Data to examine: Begin

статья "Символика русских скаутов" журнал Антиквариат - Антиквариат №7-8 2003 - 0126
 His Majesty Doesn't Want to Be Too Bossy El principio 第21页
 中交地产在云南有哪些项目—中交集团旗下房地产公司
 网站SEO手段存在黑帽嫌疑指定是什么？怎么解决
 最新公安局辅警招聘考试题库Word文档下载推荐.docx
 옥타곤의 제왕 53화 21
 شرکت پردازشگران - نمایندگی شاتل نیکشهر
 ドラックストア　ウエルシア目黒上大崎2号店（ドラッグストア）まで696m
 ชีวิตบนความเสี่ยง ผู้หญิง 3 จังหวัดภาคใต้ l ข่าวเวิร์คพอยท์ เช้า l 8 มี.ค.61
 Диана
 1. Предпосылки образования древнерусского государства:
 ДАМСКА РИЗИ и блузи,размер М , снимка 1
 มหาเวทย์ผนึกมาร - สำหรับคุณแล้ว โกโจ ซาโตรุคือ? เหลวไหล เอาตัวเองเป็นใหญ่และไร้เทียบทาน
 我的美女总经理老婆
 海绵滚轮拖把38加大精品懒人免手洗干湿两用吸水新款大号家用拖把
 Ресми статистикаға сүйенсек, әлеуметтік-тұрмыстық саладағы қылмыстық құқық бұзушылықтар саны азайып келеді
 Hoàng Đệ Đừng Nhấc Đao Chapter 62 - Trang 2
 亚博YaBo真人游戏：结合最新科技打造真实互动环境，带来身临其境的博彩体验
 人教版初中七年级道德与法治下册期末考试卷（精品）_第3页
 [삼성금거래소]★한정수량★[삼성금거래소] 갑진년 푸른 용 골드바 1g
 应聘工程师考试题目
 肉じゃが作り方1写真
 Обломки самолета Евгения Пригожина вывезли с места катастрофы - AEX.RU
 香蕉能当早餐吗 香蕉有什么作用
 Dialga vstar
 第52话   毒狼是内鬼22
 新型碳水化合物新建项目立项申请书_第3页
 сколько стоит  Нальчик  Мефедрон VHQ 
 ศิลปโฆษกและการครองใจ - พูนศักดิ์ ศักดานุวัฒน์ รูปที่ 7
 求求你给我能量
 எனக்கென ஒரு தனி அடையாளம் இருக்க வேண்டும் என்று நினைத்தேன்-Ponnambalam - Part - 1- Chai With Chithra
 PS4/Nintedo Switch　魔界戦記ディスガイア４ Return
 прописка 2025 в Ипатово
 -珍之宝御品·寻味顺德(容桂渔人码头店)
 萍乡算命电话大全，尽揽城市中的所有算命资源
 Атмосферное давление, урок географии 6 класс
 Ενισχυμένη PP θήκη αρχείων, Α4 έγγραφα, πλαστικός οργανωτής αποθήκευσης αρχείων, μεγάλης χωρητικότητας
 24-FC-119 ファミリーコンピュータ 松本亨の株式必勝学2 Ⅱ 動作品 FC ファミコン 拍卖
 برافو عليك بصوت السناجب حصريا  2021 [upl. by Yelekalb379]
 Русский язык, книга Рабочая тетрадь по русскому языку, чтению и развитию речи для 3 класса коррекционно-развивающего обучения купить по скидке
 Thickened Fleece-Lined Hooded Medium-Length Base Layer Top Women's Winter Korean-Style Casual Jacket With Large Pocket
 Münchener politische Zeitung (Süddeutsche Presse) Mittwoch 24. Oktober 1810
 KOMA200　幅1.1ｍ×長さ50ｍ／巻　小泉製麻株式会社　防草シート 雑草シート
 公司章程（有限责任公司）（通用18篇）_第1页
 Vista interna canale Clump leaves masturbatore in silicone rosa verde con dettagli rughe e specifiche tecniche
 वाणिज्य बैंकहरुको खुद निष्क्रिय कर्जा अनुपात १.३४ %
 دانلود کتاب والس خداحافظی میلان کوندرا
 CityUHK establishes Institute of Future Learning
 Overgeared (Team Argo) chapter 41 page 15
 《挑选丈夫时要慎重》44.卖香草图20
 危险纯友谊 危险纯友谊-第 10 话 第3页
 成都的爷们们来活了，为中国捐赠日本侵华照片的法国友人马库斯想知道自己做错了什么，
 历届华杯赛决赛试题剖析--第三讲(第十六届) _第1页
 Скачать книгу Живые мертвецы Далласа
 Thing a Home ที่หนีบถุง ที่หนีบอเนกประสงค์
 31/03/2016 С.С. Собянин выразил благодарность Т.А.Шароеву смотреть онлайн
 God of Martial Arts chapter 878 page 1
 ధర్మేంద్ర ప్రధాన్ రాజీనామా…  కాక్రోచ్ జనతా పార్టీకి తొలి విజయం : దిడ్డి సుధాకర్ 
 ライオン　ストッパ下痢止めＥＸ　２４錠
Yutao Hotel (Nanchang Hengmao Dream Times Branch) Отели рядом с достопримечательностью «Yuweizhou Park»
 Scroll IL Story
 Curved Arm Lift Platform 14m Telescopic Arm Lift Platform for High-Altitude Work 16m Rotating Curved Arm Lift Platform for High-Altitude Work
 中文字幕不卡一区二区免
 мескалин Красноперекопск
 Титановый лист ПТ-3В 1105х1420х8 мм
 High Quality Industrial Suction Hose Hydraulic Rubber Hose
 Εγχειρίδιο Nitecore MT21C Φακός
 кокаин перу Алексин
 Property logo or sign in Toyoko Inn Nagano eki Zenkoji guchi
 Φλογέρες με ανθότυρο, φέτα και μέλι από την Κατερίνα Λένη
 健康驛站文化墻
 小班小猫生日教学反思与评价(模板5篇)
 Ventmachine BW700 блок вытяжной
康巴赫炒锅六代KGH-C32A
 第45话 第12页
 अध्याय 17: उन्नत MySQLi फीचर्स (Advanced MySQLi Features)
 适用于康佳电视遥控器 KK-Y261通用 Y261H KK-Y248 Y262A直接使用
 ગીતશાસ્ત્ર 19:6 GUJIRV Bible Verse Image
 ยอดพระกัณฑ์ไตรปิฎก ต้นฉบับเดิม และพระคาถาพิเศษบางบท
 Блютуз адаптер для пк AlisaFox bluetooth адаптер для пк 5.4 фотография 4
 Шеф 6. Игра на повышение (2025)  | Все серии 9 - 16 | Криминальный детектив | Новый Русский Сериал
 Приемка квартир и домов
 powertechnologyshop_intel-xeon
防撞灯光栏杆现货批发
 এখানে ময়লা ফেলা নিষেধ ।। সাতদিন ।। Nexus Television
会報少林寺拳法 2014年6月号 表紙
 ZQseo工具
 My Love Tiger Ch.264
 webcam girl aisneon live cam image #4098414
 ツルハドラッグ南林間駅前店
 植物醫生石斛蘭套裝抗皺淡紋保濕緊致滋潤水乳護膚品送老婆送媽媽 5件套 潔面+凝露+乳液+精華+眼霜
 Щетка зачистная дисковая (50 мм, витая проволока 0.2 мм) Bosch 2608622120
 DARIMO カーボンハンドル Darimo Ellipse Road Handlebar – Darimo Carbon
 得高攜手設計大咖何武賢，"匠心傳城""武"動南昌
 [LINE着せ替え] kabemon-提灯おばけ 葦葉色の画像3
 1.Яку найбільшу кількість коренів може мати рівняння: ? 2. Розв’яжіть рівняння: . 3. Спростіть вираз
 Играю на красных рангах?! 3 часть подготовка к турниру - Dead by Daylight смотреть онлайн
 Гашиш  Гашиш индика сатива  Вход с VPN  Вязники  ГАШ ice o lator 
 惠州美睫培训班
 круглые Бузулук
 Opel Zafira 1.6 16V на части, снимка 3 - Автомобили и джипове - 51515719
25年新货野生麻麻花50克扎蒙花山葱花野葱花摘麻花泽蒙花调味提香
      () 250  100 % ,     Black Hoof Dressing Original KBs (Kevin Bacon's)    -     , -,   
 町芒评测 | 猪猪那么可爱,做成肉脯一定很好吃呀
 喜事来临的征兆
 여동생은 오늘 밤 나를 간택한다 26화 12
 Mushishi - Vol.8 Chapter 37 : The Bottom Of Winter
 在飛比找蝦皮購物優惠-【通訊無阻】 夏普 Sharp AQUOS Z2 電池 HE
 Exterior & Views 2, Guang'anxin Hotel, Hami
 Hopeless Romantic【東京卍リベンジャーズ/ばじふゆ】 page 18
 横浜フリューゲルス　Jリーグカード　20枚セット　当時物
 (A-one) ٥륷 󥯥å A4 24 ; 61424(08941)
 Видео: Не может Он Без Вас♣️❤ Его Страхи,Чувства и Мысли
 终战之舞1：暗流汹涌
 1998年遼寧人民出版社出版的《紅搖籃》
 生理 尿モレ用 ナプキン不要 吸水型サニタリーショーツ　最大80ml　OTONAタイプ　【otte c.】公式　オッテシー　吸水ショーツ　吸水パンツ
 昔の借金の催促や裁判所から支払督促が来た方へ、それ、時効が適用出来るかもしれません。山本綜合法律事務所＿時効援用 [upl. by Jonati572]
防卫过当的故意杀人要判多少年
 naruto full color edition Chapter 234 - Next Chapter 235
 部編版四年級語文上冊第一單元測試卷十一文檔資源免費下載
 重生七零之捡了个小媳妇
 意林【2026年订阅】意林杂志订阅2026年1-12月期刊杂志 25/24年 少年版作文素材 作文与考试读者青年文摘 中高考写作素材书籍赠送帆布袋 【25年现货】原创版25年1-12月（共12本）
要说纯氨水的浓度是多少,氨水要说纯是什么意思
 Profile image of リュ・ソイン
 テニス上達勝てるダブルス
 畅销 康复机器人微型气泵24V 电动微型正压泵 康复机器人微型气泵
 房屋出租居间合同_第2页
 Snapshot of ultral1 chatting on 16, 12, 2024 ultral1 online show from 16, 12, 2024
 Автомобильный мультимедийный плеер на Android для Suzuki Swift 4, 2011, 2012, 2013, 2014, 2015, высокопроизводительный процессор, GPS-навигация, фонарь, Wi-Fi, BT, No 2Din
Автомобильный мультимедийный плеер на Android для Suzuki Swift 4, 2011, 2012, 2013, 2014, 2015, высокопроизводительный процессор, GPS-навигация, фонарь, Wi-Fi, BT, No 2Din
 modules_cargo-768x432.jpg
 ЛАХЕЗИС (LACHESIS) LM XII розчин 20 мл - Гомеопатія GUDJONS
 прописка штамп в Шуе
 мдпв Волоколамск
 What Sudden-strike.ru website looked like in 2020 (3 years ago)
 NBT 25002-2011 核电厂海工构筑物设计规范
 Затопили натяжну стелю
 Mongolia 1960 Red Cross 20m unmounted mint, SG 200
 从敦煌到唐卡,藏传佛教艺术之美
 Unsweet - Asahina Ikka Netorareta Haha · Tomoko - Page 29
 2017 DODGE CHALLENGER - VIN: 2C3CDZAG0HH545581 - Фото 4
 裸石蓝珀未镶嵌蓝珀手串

Data to examine: End

Return the lines of the listing above exactly as they appear, starting with the first and stopping after the line that holds "ДАМСКА РИЗИ и блузи,размер М , снимка 1".

статья "Символика русских скаутов" журнал Антиквариат - Антиквариат №7-8 2003 - 0126
 His Majesty Doesn't Want to Be Too Bossy El principio 第21页
 中交地产在云南有哪些项目—中交集团旗下房地产公司
 网站SEO手段存在黑帽嫌疑指定是什么？怎么解决
 最新公安局辅警招聘考试题库Word文档下载推荐.docx
 옥타곤의 제왕 53화 21
 شرکت پردازشگران - نمایندگی شاتل نیکشهر
 ドラックストア　ウエルシア目黒上大崎2号店（ドラッグストア）まで696m
 ชีวิตบนความเสี่ยง ผู้หญิง 3 จังหวัดภาคใต้ l ข่าวเวิร์คพอยท์ เช้า l 8 มี.ค.61
 Диана
 1. Предпосылки образования древнерусского государства:
 ДАМСКА РИЗИ и блузи,размер М , снимка 1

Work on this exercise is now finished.